- **Recorded information**:
---
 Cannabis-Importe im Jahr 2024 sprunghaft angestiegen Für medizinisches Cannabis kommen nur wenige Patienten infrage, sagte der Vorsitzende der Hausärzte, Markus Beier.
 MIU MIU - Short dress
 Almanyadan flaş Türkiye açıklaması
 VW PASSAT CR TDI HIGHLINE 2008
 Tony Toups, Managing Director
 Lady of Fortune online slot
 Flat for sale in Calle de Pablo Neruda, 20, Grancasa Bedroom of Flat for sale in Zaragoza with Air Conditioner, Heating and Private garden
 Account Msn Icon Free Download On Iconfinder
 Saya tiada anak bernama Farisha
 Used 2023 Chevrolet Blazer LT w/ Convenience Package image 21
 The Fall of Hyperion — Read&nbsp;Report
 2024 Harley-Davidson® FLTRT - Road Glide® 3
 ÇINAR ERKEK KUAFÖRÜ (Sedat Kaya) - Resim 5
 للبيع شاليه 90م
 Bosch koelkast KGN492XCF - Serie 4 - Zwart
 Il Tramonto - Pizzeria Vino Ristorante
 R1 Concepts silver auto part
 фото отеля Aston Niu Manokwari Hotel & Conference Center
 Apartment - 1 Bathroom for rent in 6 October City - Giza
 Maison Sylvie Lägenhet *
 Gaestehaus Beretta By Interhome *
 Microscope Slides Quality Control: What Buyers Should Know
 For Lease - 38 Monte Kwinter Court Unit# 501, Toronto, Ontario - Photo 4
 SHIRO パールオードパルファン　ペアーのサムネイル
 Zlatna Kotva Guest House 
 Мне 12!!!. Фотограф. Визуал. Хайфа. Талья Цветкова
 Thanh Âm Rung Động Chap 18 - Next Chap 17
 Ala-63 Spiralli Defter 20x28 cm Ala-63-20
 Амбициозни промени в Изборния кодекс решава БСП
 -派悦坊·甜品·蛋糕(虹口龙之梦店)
---
- **Exercise**: Which lines above run from the one containing "Used 2023 Chevrolet" to the one containing "R1 Concepts silver auto part"? Give them again exactly, both ends included.

- **Task output**:
 Used 2023 Chevrolet Blazer LT w/ Convenience Package image 21
 The Fall of Hyperion — Read&nbsp;Report
 2024 Harley-Davidson® FLTRT - Road Glide® 3
 ÇINAR ERKEK KUAFÖRÜ (Sedat Kaya) - Resim 5
 للبيع شاليه 90م
 Bosch koelkast KGN492XCF - Serie 4 - Zwart
 Il Tramonto - Pizzeria Vino Ristorante
 R1 Concepts silver auto part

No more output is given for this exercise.